UN SYSTÈME DE BULLES
Qui dit absence de public, dit absence de recettes, notamment en buvette, populaire dans l’univers du cyclo-cross. "Il y a une recette qui est moins importante. Mais on fait des concessions ailleurs pour limiter nos dépenses. Peut-être qu’on mettra plus de choses en place l’année prochaine, qu’on n’a pas pu faire cette année". Quant à l’aspect sportif, l’organisation décompte 450 personnes dans la bulle, environ 100 à 150 pour les bénévoles, et une trentaine de médias. Avec chacune un espace dédié. De plus, les catégories des épreuves sont séparées, de manière à ce que les coureurs ne se mélangent pas. "Chacun ne peut accéder au circuit que pour son épreuve et son entrainement", détaille Geoffrey Corniau. Une décision prise après avoir envisagé tous les protocoles possibles avec la préfecture, début décembre.
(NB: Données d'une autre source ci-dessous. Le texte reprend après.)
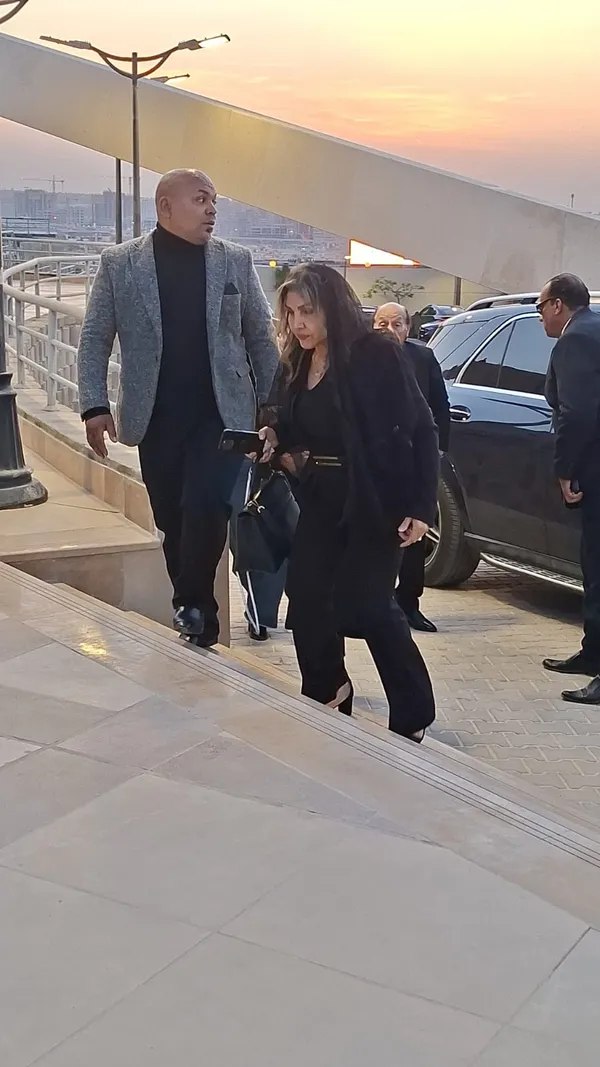 نادية مصطفى عضو الموسيقيين في عزاء هاني شاكر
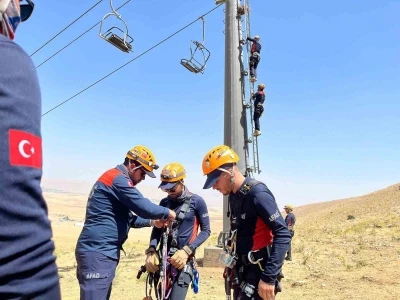 Van’da AFAD ekiplerine teleferik ve telesiyejden kurtarma eğitimi
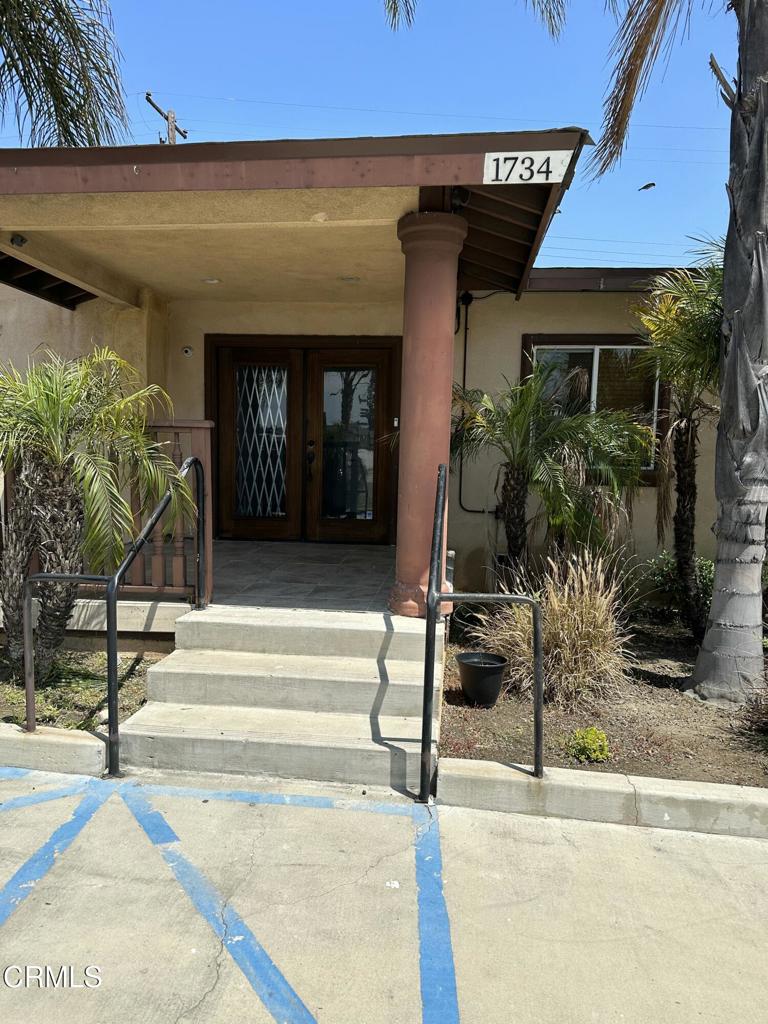 Pomona Condo: 1734 Indian Hill Boulevard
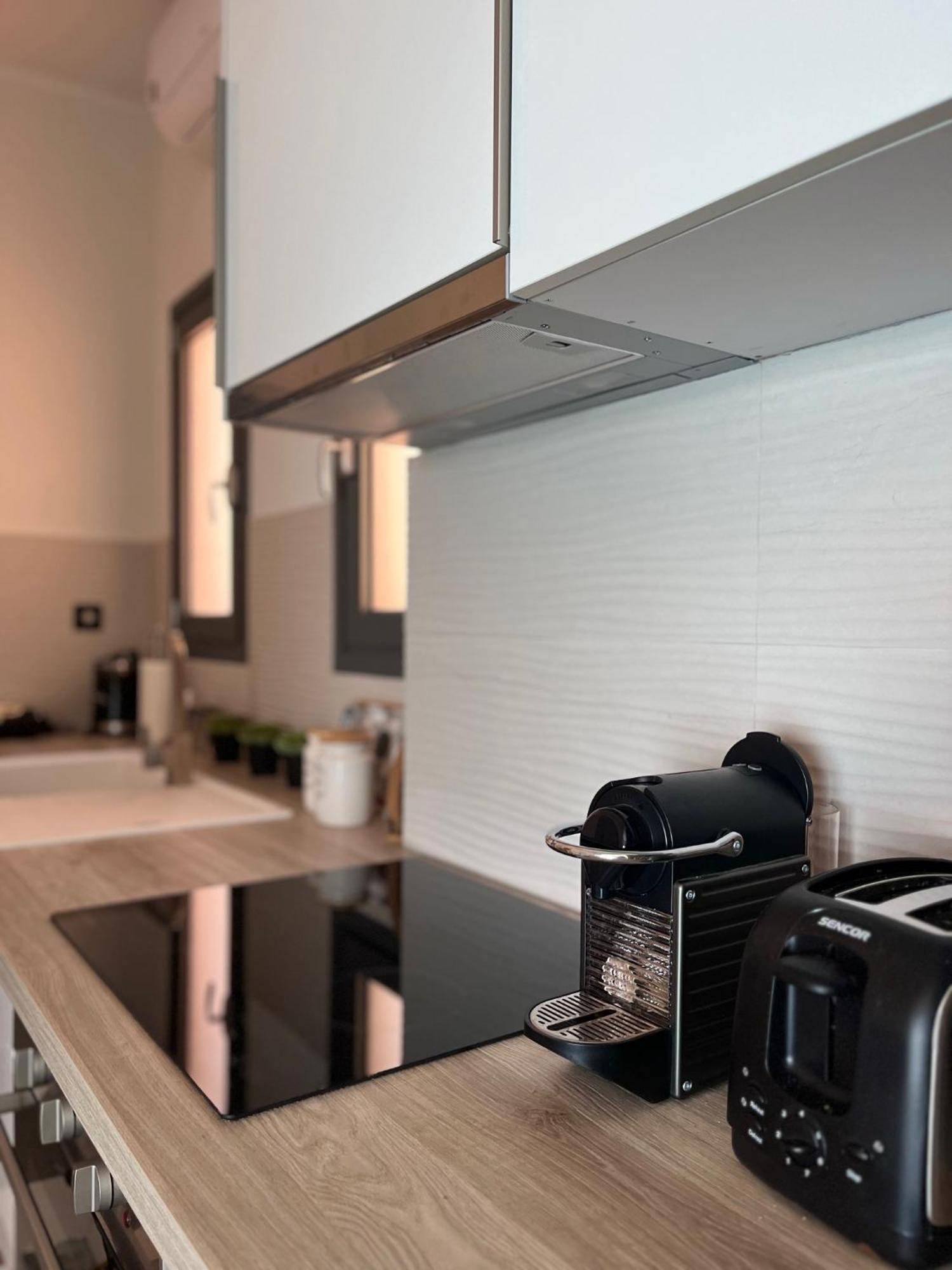 Christellie Luxury Apartment Kiáton 外观 照片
À la suite des mesures du dernier confinement, les coureurs sont donc catégorisés entre prioritaires et non-prioritaires. Les premiers cités étant ceux de haut-niveau. Pour organiser, ils doivent représenter 50% de l’épreuve. Pas de problème pour Troyes. "On a 55 prioritaires sur 95 engagés chez les Elites hommes. Chez les Femmes et Juniors c’est plus compliqué à définir, mais ils sont considérés comme athlète de haut-niveau. Grosso modo, on est tout juste à 50% pour ces deux catégories". Et cela a facilité le travail de l’organisation, qui s’est évitée des problèmes de sélection. "J’avais peur de devoir faire une sélection. Si on n’avait pas eu le choix, on l’aurait faite, mais on est rassuré là-dessus, c’était une vraie angoisse. Un 3e catégorie bon en cross peut battre un 1re catégorie route moins à l’aise… c’est compliqué".
EN ATTENDANT LA SUITE…
Ainsi, il n’a jamais été non plus question de passer les Juniors à la trappe, par exemple. Une catégorie qui souffre particulièrement des mesures. "La préfecture nous a demandé de supprimer les épreuves fédérales comme les Cadets, école de cyclisme, etc. Mais les Juniors, il n’y avait aucun problème avec la jauge et si on a le compte de haut-niveau. On ne pouvait pas leur demander de ne pas venir". À une semaine de Pontchâteau, Troyes admet "ne pas avoir maintenu la course pour le Championnat de France, mais pour que les coureurs aient des courses, malgré l'aspect répétition générale". Et après quatre éditions désormais, pourquoi ne pas prétendre à encore plus, après être passé de C2 à C1 cette année. "On ne veut pas de one-shot, on veut rester une grosse course qui de temps en temps prétend à une Coupe de France ou du Monde". Son pari de 2021 est déjà gagné. Et alors que les camions désertent un à un le site plongé dans la nuit, la lumière des phares laisse deviner des sourires sur les visages masqués. Troyes a réussi son coup.